The analysis described differences in characteristics of women with breast cancer detected by screening (comparing by age at initial diagnosis, 45-69 years vs. 70+), and assessed whether baseline variables affected the association between age group and 5-year breast cancer mortality. The main techniques were Pearson Chi-squared and Cox Proportional Hazards models.

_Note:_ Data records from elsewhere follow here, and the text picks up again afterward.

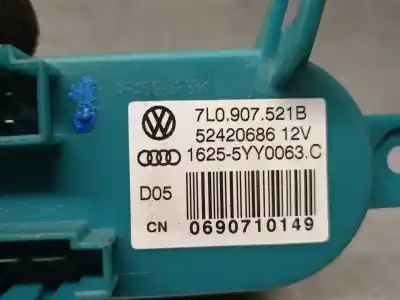 Автозапчасти б/у сопротивление нагреву за audi q7 (4l) 3.0 tdi ссылки oem iam 7l0907521b  7l0907521b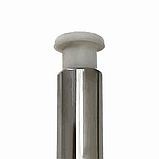 Царга Корс 2 дюйма, 500 мм з проточкою для тарілок і термометром, полнопрохідна трубка 6 мм, фото 3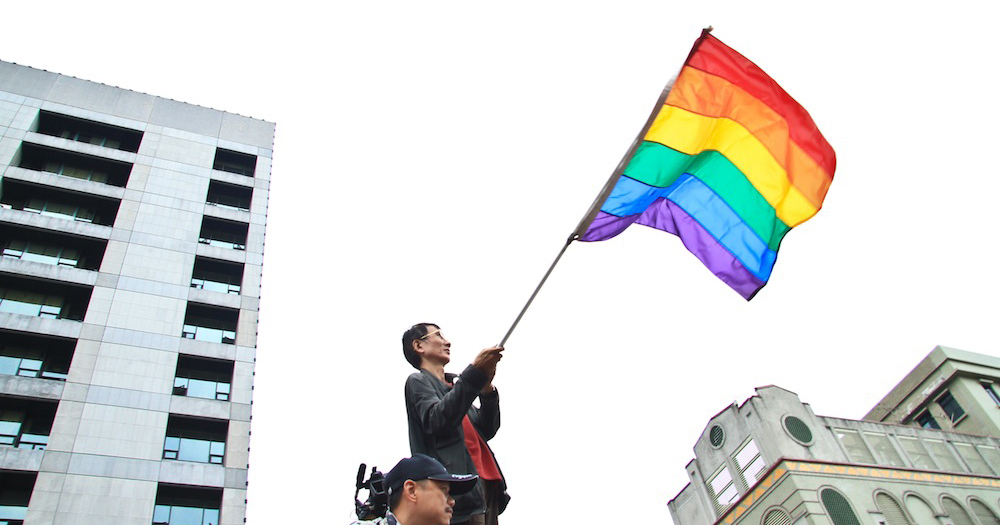 Taiwan first in Asia to legalise same-sex marriage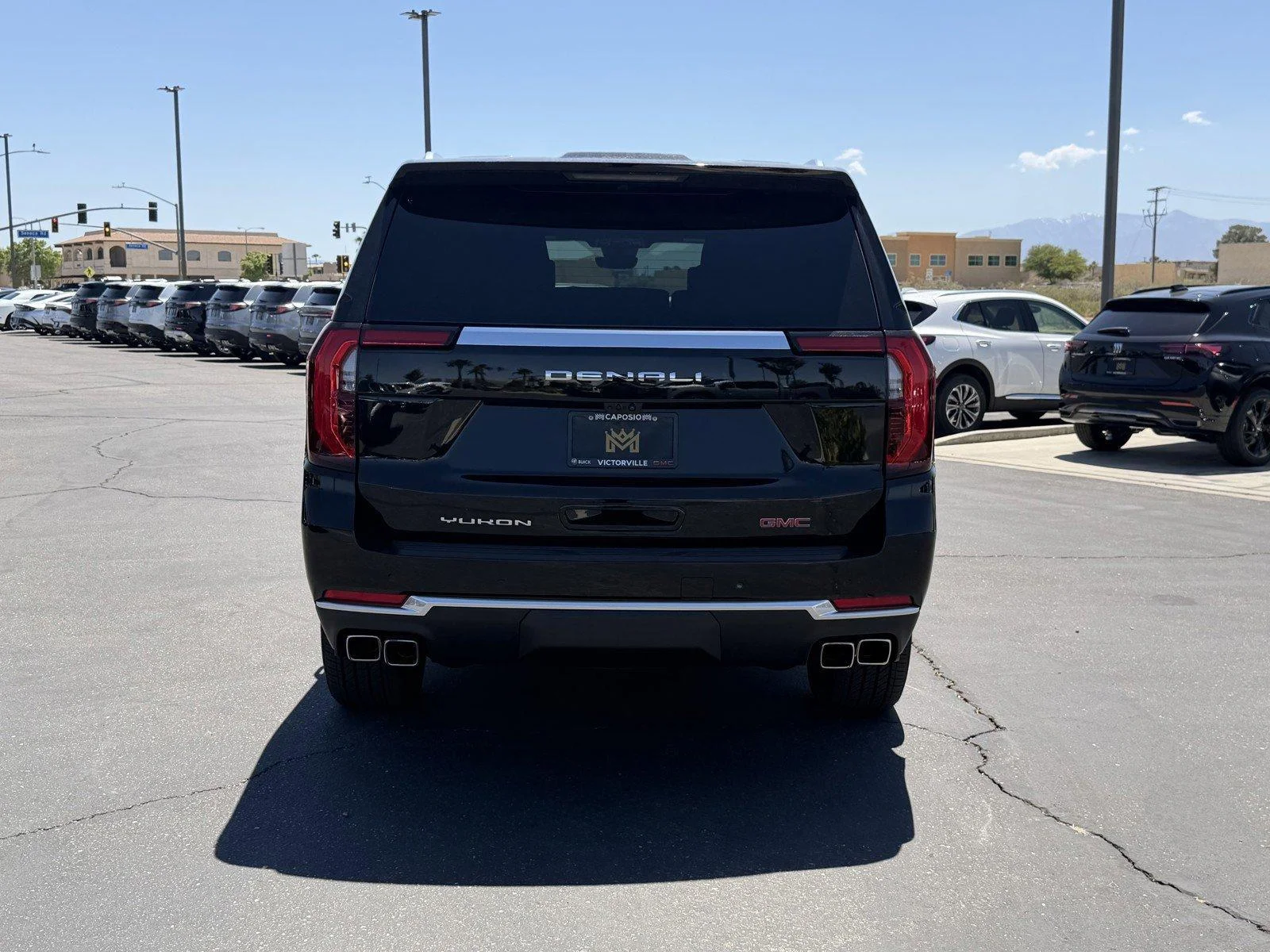 New 2026 Onyx Black GMC Denali image 5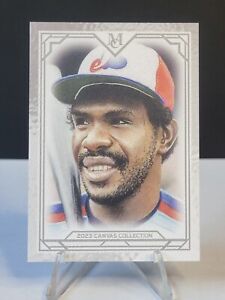 2023 Topps Museum Collection Andre Dawson Canvas Collection Reprints #CCR36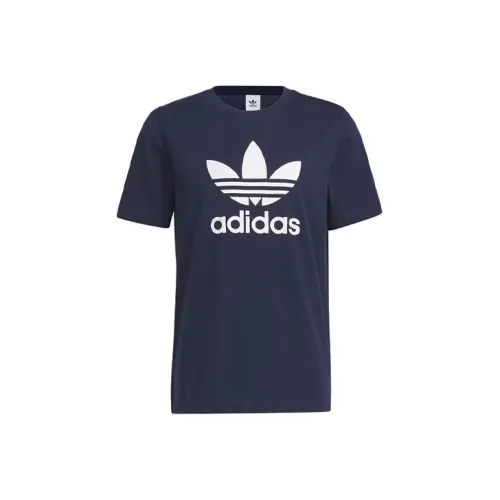 Adidas Originals T-Shirt Мужской Темно-синий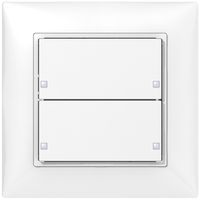UP-Tastsensor ABB SIDUS KNX Design B-Typ, 2/4, weiss glänzend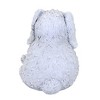 8.0 Inch Bunny Pudgy Pal Lop-Earred Rabbit Garden Statues - 2 of 3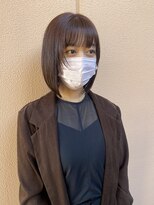 リブ(Lib)&nbsp;【Lib】大人ボブ×簡単スタイリング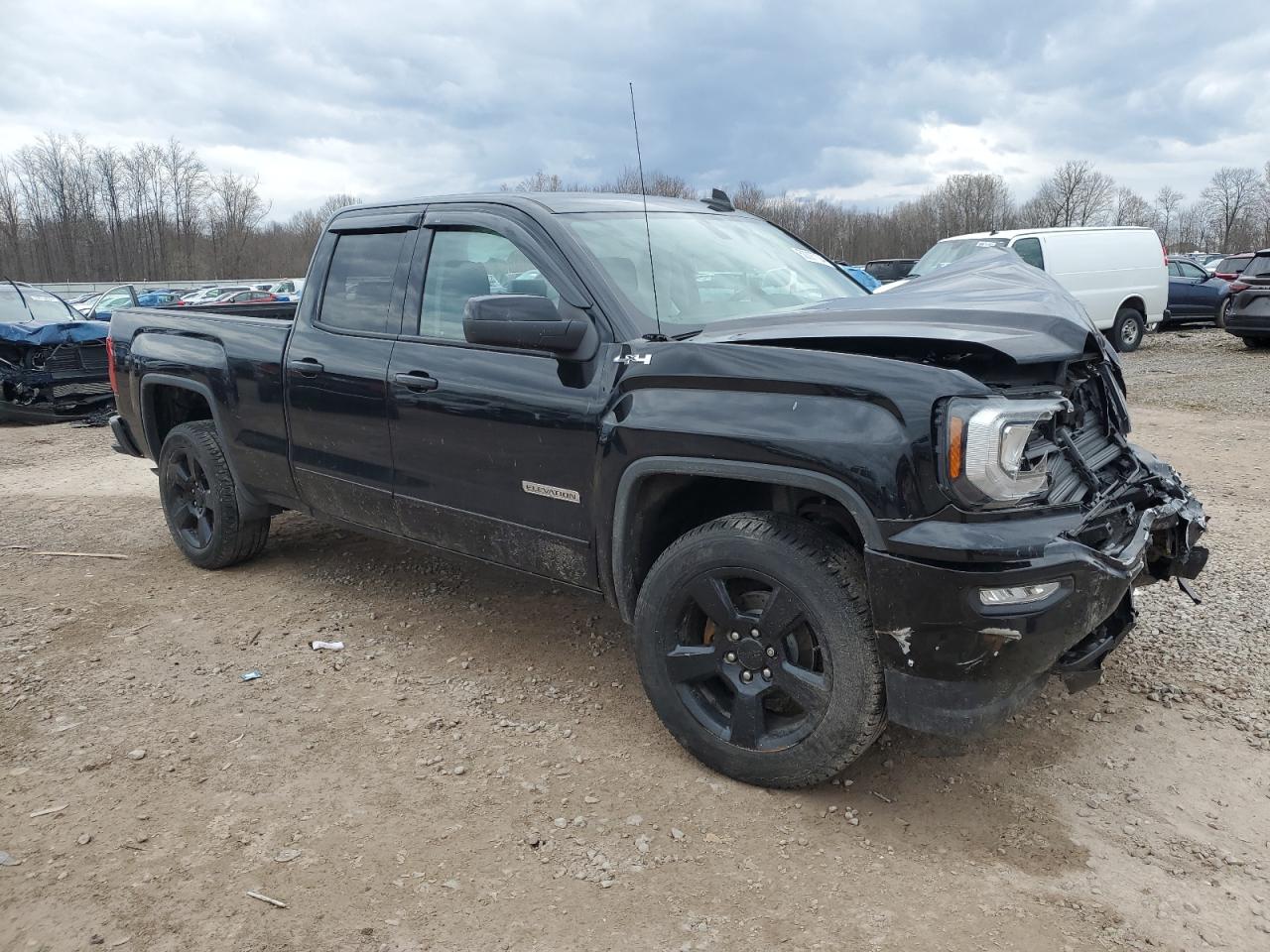 2019 GMC Sierra Limited K1500 vin: 2GTV2LEC4K1234637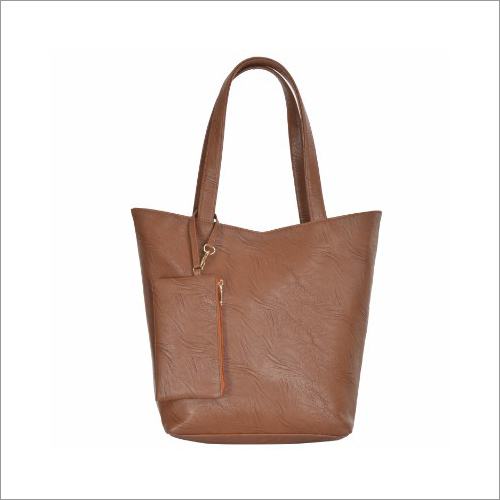 Ladies Synthetic Leather tote bag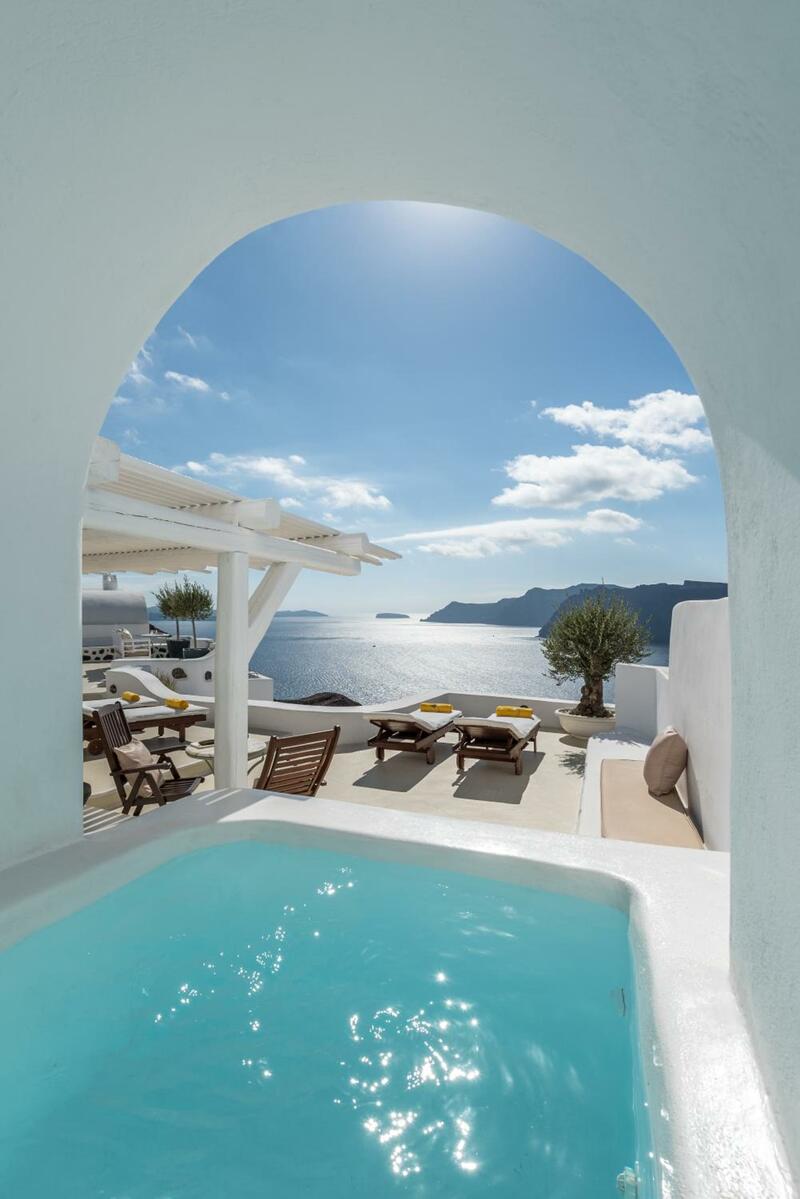 Fanari Villas, Oia, Santorini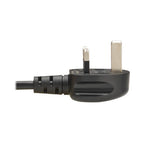 Eaton P056-02M-UK power cable Black 2 m BS 1363 IEC C13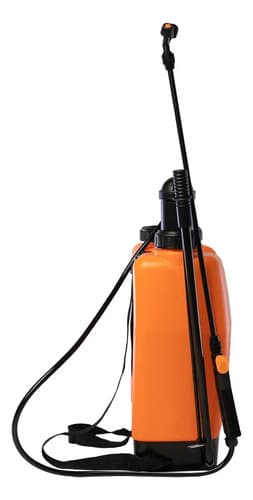 Fumigador Pulverizador Manual Lusqtoff F20l-8 20lts Manguera Color Naranja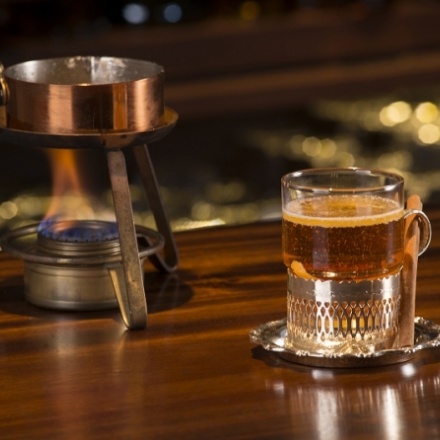 ホット・バーン卜・バタード・ラム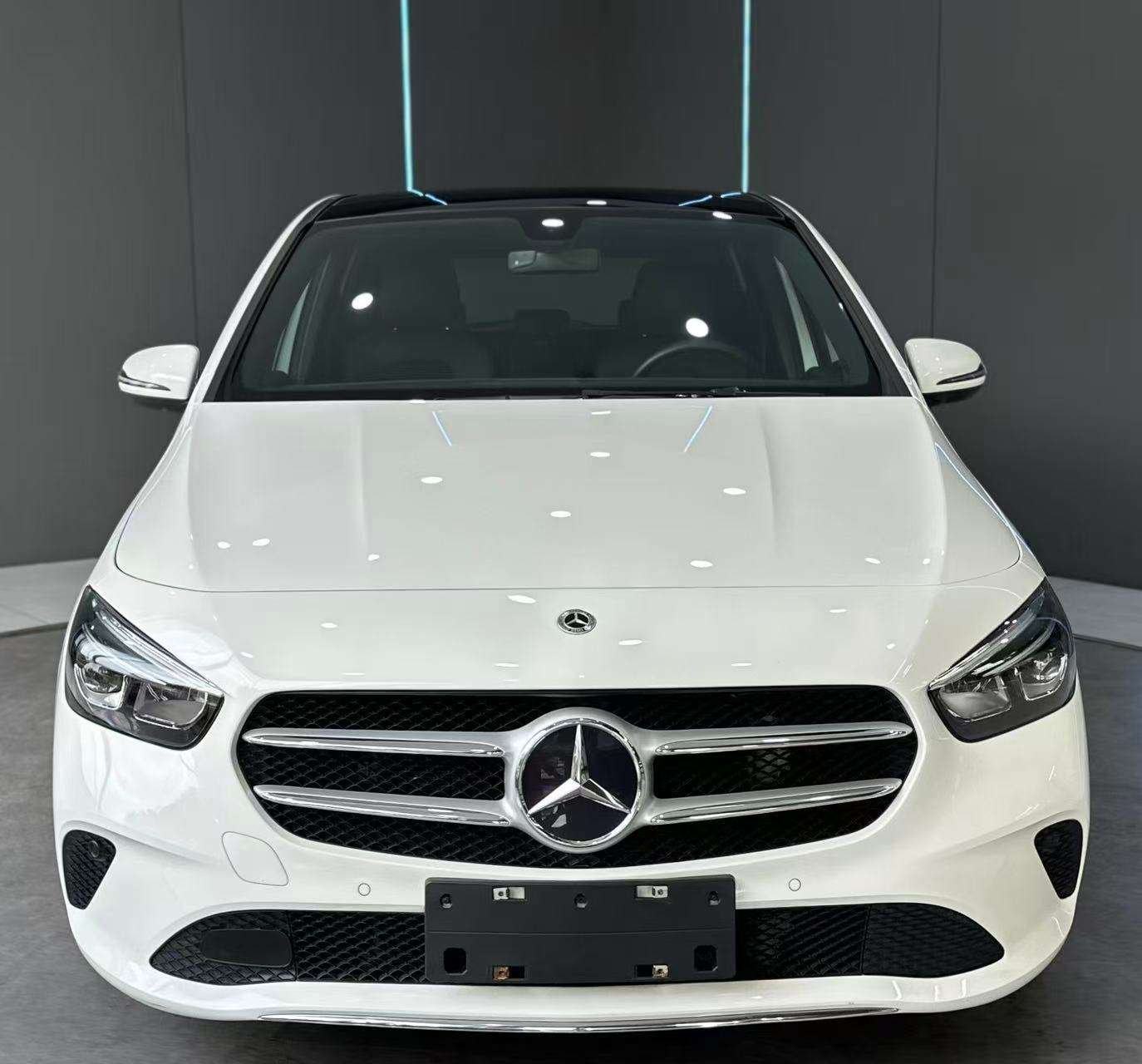 2023 Mercedes-Benz B-Class - 2023 MPV, pre-owned car for export from China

The analysis found that in general screening continued to detect similar disease profiles after 70, similar treatment combinations were used, and the strongest associations for 5-year survival were with age and disease grade. In the context of NZ breast cancer screening programs that end at age 70, these findings suggested that there may be some merit to extending these programs.

Mobile Data Collection

I designed and implemented a mobile data collection framework that improved quality and completeness of participant questionnaire data for 5 projects conducted by the VHCRP team at the Kirby Institute.

The framework covered all aspects - policies for device procurement, configuration, management, account management and security; tools for form design, validation, multi-language capable presentation customisation; procedures for data collection, submission, and storage; tools for ETL of collected data for analysis in Stata.

The deployment included over 80 Android tablets for offline data collection at study sites, including hospitals, clinics and prisons in Australia and internationally, with thousands of responses from hundreds of participants had been collected and processed. At the centre of the framework was ODK Collect, an Android app for processing XML-based form definitions. Design and data processing tools included custom distributable desktop apps written in Python.

OpenClinica Community DataMart

I designed and implemented an ETL and reporting system that streamlined reporting and analysis workflows for 13 projects conducted by the VHCRP team at the Kirby Institute. This system was implemented with PostgreSQL using SQL and PL/PGSQL.

This system replaced a time-intensive process involving numerous manual steps, with a robust, automated process. The ETL system involved transforming a column-based data storage format into user-friendly tables corresponding to the original form design templates uploaded to OpenClinica.

The deployment included encrypted connections between database servers and with client machines, data access controls mirroring those in OpenClinica, and integrated Windows domain authentication. Client tools were also developed to integrate via ODBC with Stata, SAS and Microsoft Access; as well as automated VBScript tools to simplify setup for new users. The preparation of detailed documentation and delivery of targeted training encouraged adoption of the system across the team.

System Integrations

I designed and implemented the following system integrations for the VHCRP team at the Kirby Institute:

  • An automated daily transfer of hepatitis C test results from a LabKey sample management database to the clinical database in OpenClinica. Written in Python, and included development of a re-usable library for interacting with OpenClinica's SOAP XML webservices.
  • A promotional website for a study with a custom styled LimeSurvey instance for web-based data collection from study participants. Written in Python and JavaScript and included development of a re-usable library for interacting with LimeSurvey's REST JSON webservices.
  • An automated integration test suite for the above custom LimeSurvey template to ensure that these elements worked as expected across common browsers. Written in Python using Selenium WebDrivers for Firefox, Chrome and Internet Explorer.